● **What you are asked to do**
Every entry below should be returned exactly as it appears, with pictures left out.

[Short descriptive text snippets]
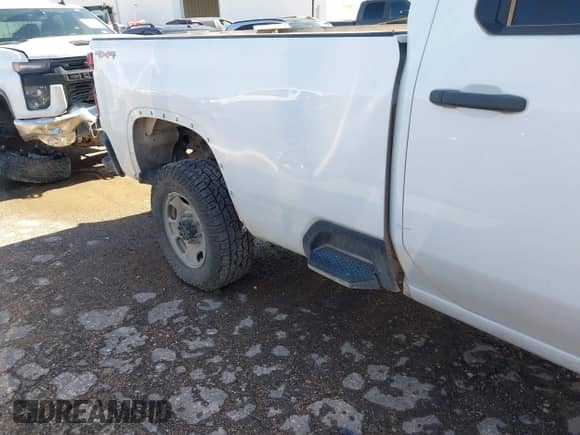 2023 Chevrolet Silverado 2500HD Work Truck with VIN 1GC1YLE75PF125815, listed as a IAAI auction lot 42818742 with 117,543 mi miles and . Bid and sale history available at DreamBid. Image 12.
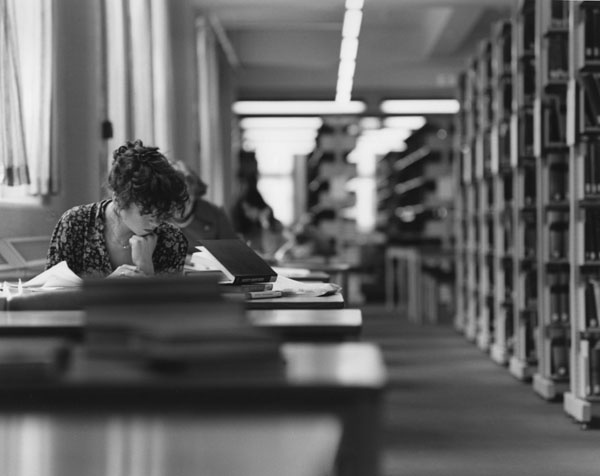 Black and white photo of woman studying in library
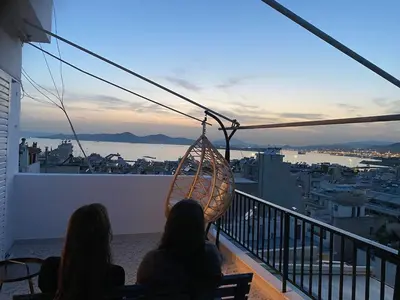 two people sitting on a balcony looking at the city at Casa del Rey in Piraeus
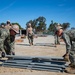 US Navy Seabees with Naval Mobile Construction Battalion 5 build a Mabey Johnson Bridge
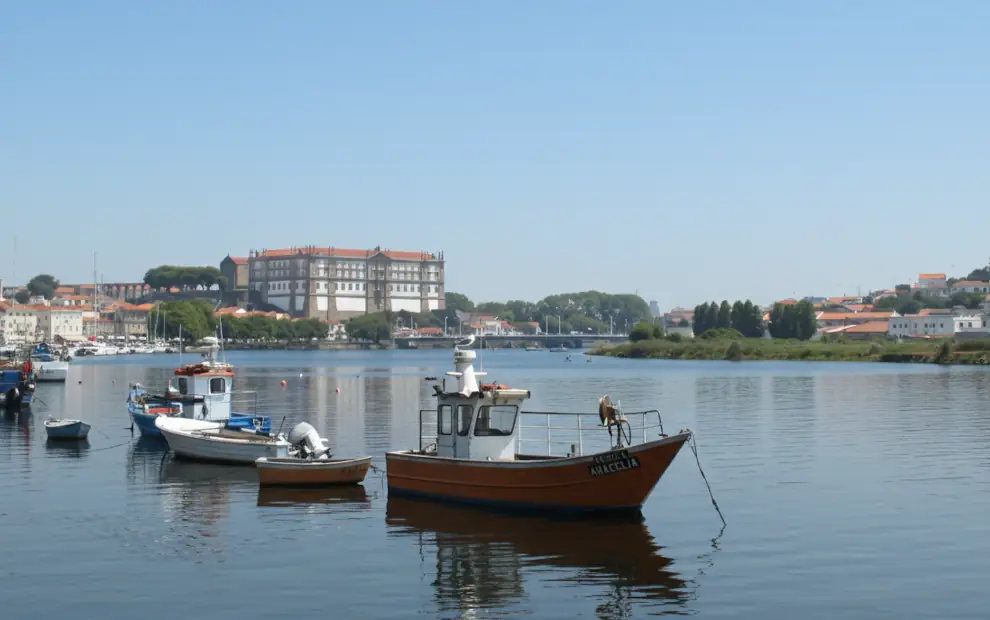 Blick über den Fluss Ave auf das Kloster Santa Clara und bunte Fischerboote in Vila do Conde am portugiesischen Jakobsweg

● **Expected output**
 2023 Chevrolet Silverado 2500HD Work Truck with VIN 1GC1YLE75PF125815, listed as a IAAI auction lot 42818742 with 117,543 mi miles and . Bid and sale history available at DreamBid. Image 12.
 Black and white photo of woman studying in library
 two people sitting on a balcony looking at the city at Casa del Rey in Piraeus
 US Navy Seabees with Naval Mobile Construction Battalion 5 build a Mabey Johnson Bridge
 Blick über den Fluss Ave auf das Kloster Santa Clara und bunte Fischerboote in Vila do Conde am portugiesischen Jakobsweg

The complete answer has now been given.